Convention for the Protection of Cultural Property in the Event of Armed Conflict (ratified 1957) and its Protocols I and II (ratified 1957 and 2001 respectively); Convention on the Elimination of all Forms of Racial Discrimination (CERD, ratified in 1968); International Covenant on Civil and Political Rights (ICCPR, ratified in 1970); International Covenant on Economic, Social and Cultural Rights (ICESCR, ratified in 1976);

International Covenant on Civil and Political Rights (ICCPR, ratified in 1976); Convention on the Elimination of All Forms of Discrimination against Women (CEDAW, (ratified in 1989 with reservations to article 2 “on the right to non-discrimination” and on Articles 16 (c) and (d) on non-discrimination on all matters relating to marriage and family relations and stating that the convention should be implemented in accordance with shari’a) as well as a general reservation that accession cannot conflict with personal status laws derived from Sharia); Convention against Torture and Other Cruel, Inhuman or Degrading Treatment or Punishment (CAT, ratified in 1989);

Convention on the Rights of the Child and its Optional Protocol (CRC, ratified in 1993 and 2004, respectively); Convention on the Protection of the Rights of All Migrant Workers and Members of Their Families (ICRMW, ratified in 2004); Optional Protocol to CEDAW (CEDAW-OP), which allows the Committee on the Elimination of Discrimination against Women to receive and consider complaints from individuals or groups, acceded in 2004); The African Charter on Human and Peoples’ Rights (Banjul Charter, ratified in 1986), Protocol to the Charter on Human and Peoples’ Rights on the Establishment of an African Court on Human and Peoples’ Rights (acceded in 2003) and Protocol to the African Charter on Human and Peoples’ Rights on the Rights of Women in Africa (Maputo Protocol, ratified in 2004); Convention on the Rights of Persons with Disabilities (CRPD, ratified in 2018) and the OAU Convention Governing the Specific Aspects of Refugee Problems in Africa (OAU Convention, ratified in 1981).

Libya is not a signatory to the 1951 Convention on the Status of Refugees, its 1967 Optional Protocol, nor the Rome Statute of the International Criminal Court. Libya is also not a signatory to several important international arms control treaties, including the 1997 Convention on the Prohibition of the Use,

Stockpiling, Production and Transfer of Anti-Personnel Mines and on their Destruction (Ottawa Convention), the 2008 Convention on Cluster Munitions (CCM) and the 1980 Convention on Prohibitions or Restrictions on the Use of Certain Conventional Weapons and its Protocols.

National law continues to be inconsistent with International Human Rights Law and International Humanitarian Law. Even when national legal frameworks do exist, they are inconsistently enforced, contributing to the break-down of the rule of law in Libya and the protection gaps and risks explored below.

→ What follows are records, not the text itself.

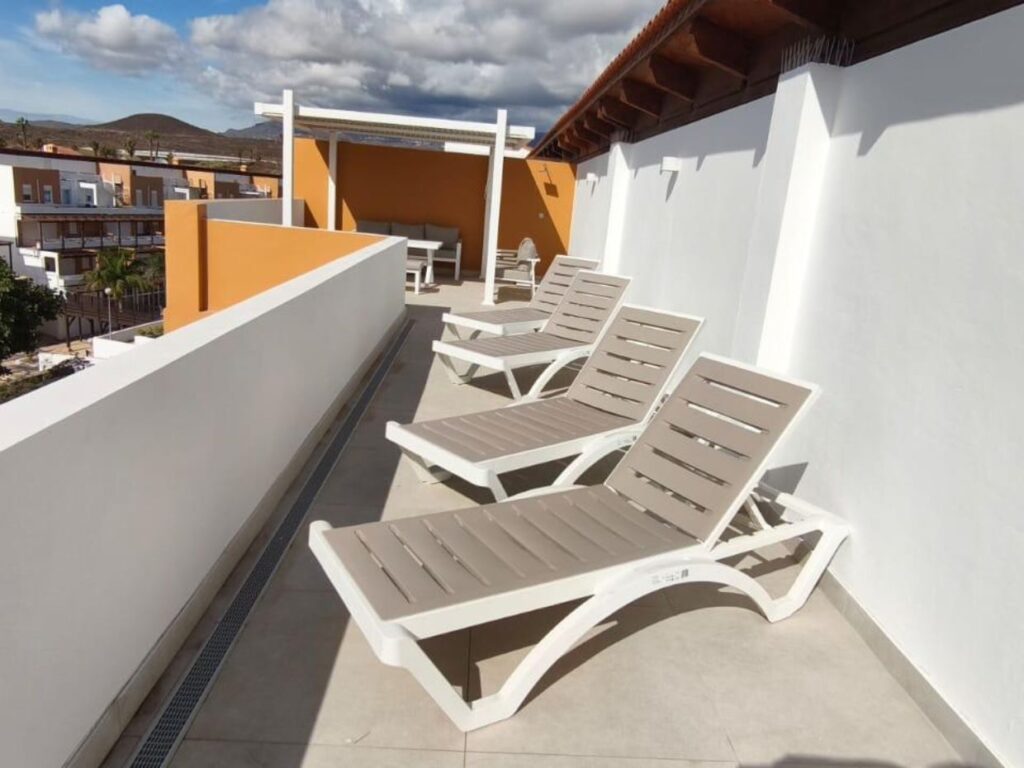 Ático Dúplex en Amarilla Golf, Tenerife Sur
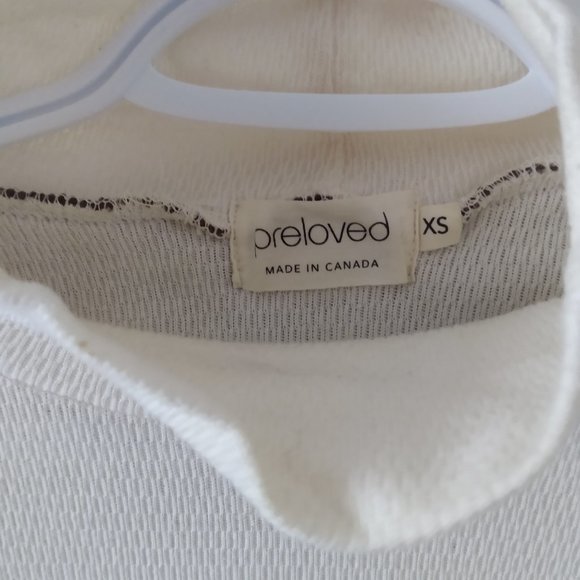 "Preloved" - long sleeve cozy top - Picture 2 of 4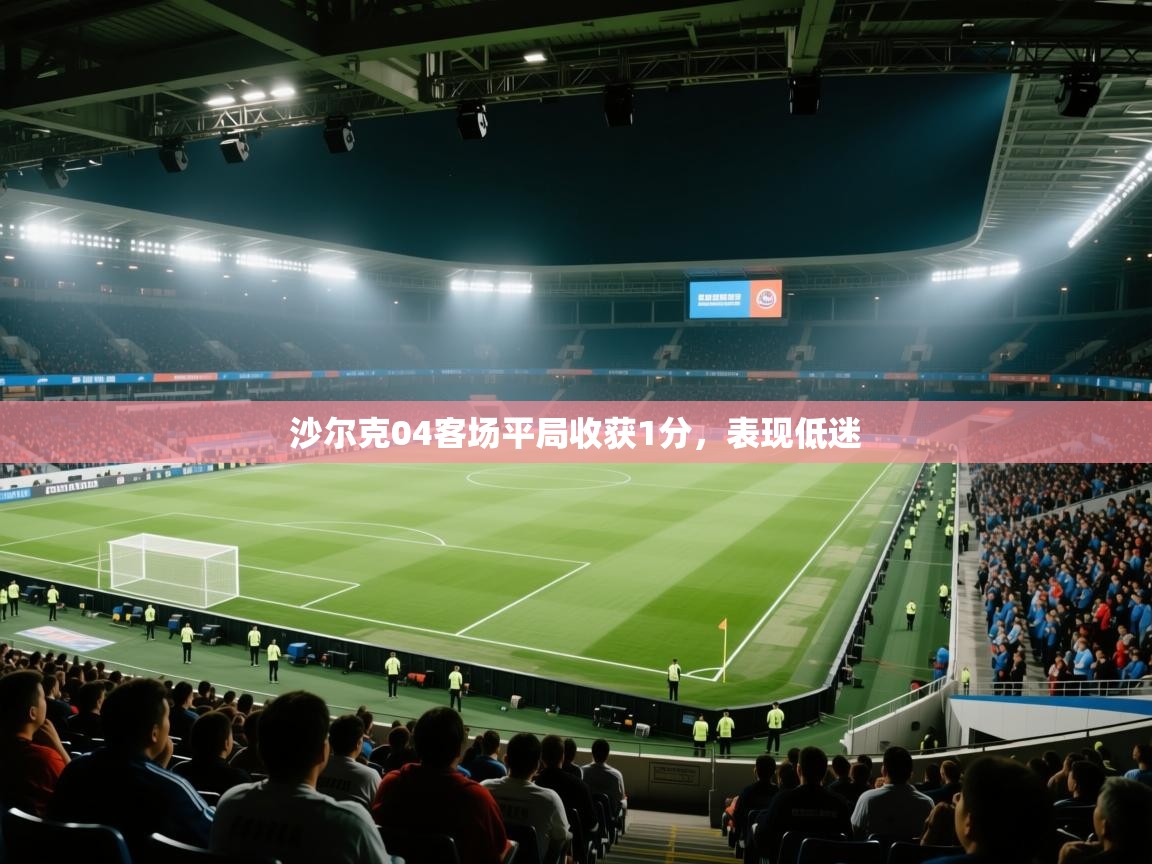 沙尔克04客场平局收获1分,表现低迷 第2张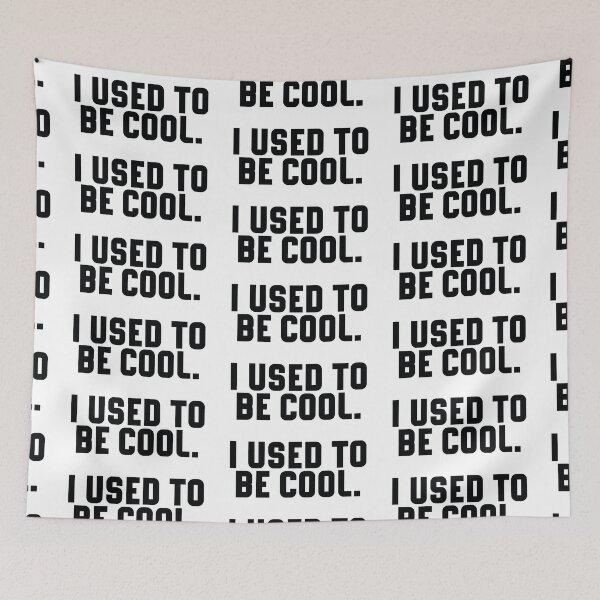 Item preview, I Used To Be Cool. designed and sold by the-craft-shop.
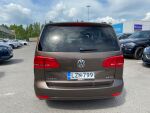 Ruskea (beige) Tila-auto, Volkswagen Touran – LZN-799, kuva 3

An abbreviated protection risk analysis below discusses the key protection risks and gaps due to such inconsistencies and the lack of rule of law in the Libyan context.

Over 474,000 individuals have been identified as in need of protection assistance for 2020, highlighting the need for a robust protection response.1 The Protection Sector in Libya is comprised of 17 partner organizations including national and international NGOs as well as UN agencies. The Protection Sector has three sub-sectors: Child Protection (coordinated by UNICEF and co-coordinated by INTERSOS), Gender-Based Violence (coordinated by UNFPA and cocoordinated by CESVI), and Mine Action (coordinated by UNMAS). The Protection Sector co-facilitates the Mental Health and Psychosocial Support Technical Working Group with the Health Sector. The Protection Sector is guided by a Strategic Advisory Group comprised of 4 NGOs and 4 UN agencies.